Imagens bizarras
As imagens chocantes de dois policiais militares, um capitão e um cabo, que roubaram os dois ladrões que haviam assaltado e baleado o ativista social Evandro João da Silva, se reproduzem pelos jornais brasileiros e já ganham espaço na mídia internacional.
Elas retratam o eixo principal da violência nas grandes cidades brasileiras, realidade que costuma ser omitida pela imprensa: o crime só avança com ajuda da polícia.
O crime aconteceu na madrugada de domingo, no centro do Rio. As câmeras de segurança de um banco registraram a sequência: os ladrões atacam Evandro e disparam contra ele. Apenas dezessete segundos depois, passa a viatura da polícia. Os policiais abordam os assaltantes, tomam os objetos roubados – um casaco e um par de tênis – e os deixam livres. Em seguida, se retiram e abandonam a vítima agonizando no chão.
Os policiais chamam-se Dennys Leonard Nogueira Bizarro e Marcos de Oliveira Sales.
O capitão Bizarro, cujo sobrenome apenas empresta mais morbidez ao caso, era o responsável por fiscalizar as atividades policiais no centro do Rio naquela madrugada.
Os jornais levantam a hipótese de que os assaltantes fossem seus conhecidos, provavelmente também integrantes da polícia.
Isso explicaria o fato de que o capitão e o cabo nem tenham se dado o trabalho de pedir documentos aos criminosos.
Mas a imprensa não contempla outra hipótese: a de que se trate de crime encomendado.
Evandro João da Silva e a entidade da qual participava, a AfroReggae, representam os personagens que se equilibram na linha fina entre a polícia e o crime organizado, tentando evitar que mais adolescentes e jovens sejam cooptados pelo narcotráfico.
São empecilhos nas livres negociações que permitem aos criminosos dominar comunidades inteiras, sob o olhar complacente de policiais como o capitão Bizarro e seu assistente.
Os dois policiais estão sob prisão administrativa e o serviço de Relações Públicas da Polícia Militar já emitiu sinais de que a situação deles pode se aliviada.
Cabe à imprensa ir mais fundo na investigação, para que não se descarte a hipótese de que o assassinato de Evandro tenha sido mais do que uma cena corriqueira no cenário conflagrado do Rio de Janeiro.
Pautando a mídia
Alberto Dines:
– Está dando resultados a estratégia do presidente Lula para comandar o noticiário e ocupar os espaços na mídia.
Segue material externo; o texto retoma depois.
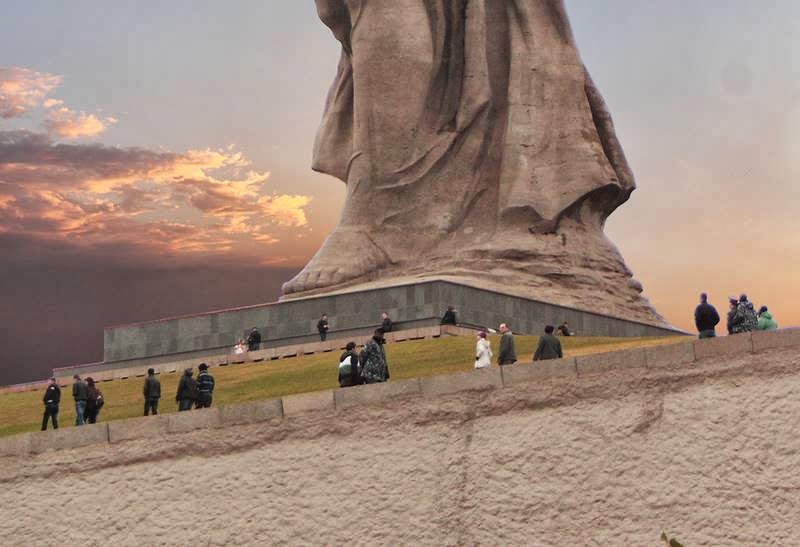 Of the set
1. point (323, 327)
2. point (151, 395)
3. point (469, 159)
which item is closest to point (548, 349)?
point (151, 395)

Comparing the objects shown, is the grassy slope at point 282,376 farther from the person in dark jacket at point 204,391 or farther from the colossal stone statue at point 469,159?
the colossal stone statue at point 469,159

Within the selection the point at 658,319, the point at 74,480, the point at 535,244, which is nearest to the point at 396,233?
the point at 535,244

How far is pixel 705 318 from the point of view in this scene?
13617mm

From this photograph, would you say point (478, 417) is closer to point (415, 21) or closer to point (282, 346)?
point (282, 346)

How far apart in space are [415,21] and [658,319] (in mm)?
5275

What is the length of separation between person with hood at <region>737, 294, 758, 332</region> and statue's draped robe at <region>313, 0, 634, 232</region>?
27.1 feet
Tudo muito estudado: os “pronunciamientos” ocorrem na quarta ou na quinta, alimentam os jornais até o domingo e ainda sobra farta matéria prima para os semanários se divertirem. Sempre inspirado no senso comum e nos valores do seu eleitorado, o presidente não se importa com a avalanche de críticas que se seguem; interessa-se apenas em não deixar o campo livre para os adversários.
A entrevista concedida ao repórter Kennedy Alencar, da Folha de S. Paulo, quarta feira, teve o mérito de trazer a teologia e os evangelhos para a pauta nacional a fim de comprovar a imperiosa necessidade de coalizões por mais incríveis que pareçam. Enquanto os analistas mergulham nas sagradas escrituras, Lula deu uma salva de tiros em outra direção.
Há meses não comentava nem criticava a mídia, preferia delegar a observação da imprensa aos colegas Hugo Chávez e o casal Kirchner. Porém provocado pelo entrevistador, o presidente não resistiu e proclamou que a missão da imprensa não é fiscalizar, é informar. Curta e grossa, a frase teve enorme repercussão e continuará nos próximos dias, conforme o planejado. Porém o conceito mais importante ficou esquecido.
Em tom de confissão, Lula pintou um audacioso auto-retrato que merecia ser examinado com muita atenção. Disse ele: “Gosto de falar com o povo. Odeio intermediário com o povo. Esse negócio de gente falar por mim, eu não gosto. Por isso falo muito. (Folha, 22/10, p.A-8). Lula explicado por Lula é decididamente mais interessante e mais preocupante do que Lula visto pela grande mídia.